React.js: A Designer’s Perspective
Although many people shared my initial reservations, React has gained traction quickly, likely because of the following key features:
- React.js is a library, rather than a framework, so it plays well with others., You can pair it with other frameworks such as Angular or Backbone (as my colleague Kevin Kazmierczak has previously mentioned).
- It’s fast by default, allowing you to describe what the view should render without needing to worry about how to update the DOM to get there. It does this without requiring magical 2-way bindings. This is accomplished by only updating the parts of the view that change, instead of re-rendering the entire content, or using dirty-checking as is seen in some frameworks.
- It promotes component-oriented development. This leads to better isolation of code and styles, and simplifies code reuse.
Since I am a designer first and developer second, I have a different set of criteria when evaluating a framework. When I’m building prototypes, I need tools that allow me to quickly emulate basic interactions and manipulate non-persistent data. I also need the code to be flexible enough that I can adjust styles and labels without worrying about breaking the entire system’s layout.
Having become more familiar with React, I’ve realized it has been able to solve the following problems I’ve run into with other frameworks in the past:
- When you don’t use components, everything can get complicated, very quickly.
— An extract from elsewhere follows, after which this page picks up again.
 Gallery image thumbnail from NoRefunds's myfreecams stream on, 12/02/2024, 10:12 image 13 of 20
- When you have a large code base, CSS will get away from you.
- Performance slows down for reasons ranging from to much data being bound in a view, to using the wrong tool for the wrong job.
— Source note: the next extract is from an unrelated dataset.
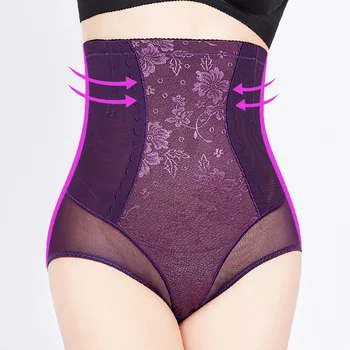 Postpartum Belly Band 2019 New After Pregnancy Belt Belly Belt Maternity Bandage Band Pregnant Women Shapewear Reducers
Postpartum Belly Band 2019 New After Pregnancy Belt Belly Belt Maternity Bandage Band Pregnant Women Shapewear Reducers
To encourage designers and developers to avoid creating this code-bloat, many solutions exist and are used (like Angular Directives and SMACSS), but they require a good bit of discipline to implement.
At Universal Mind, we endeavor to choose the best tools for each project, and we’re very excited about React’s potential for interactive prototypes and production applications. We even have people contributing to the React community. I look forward to watching React’s popularity grow, other alternatives emerge (as they always do) and seeing how other designers feel about its more controversial aspects (i.e. JSX and inline CSS) and its applicability to their own prototyping work.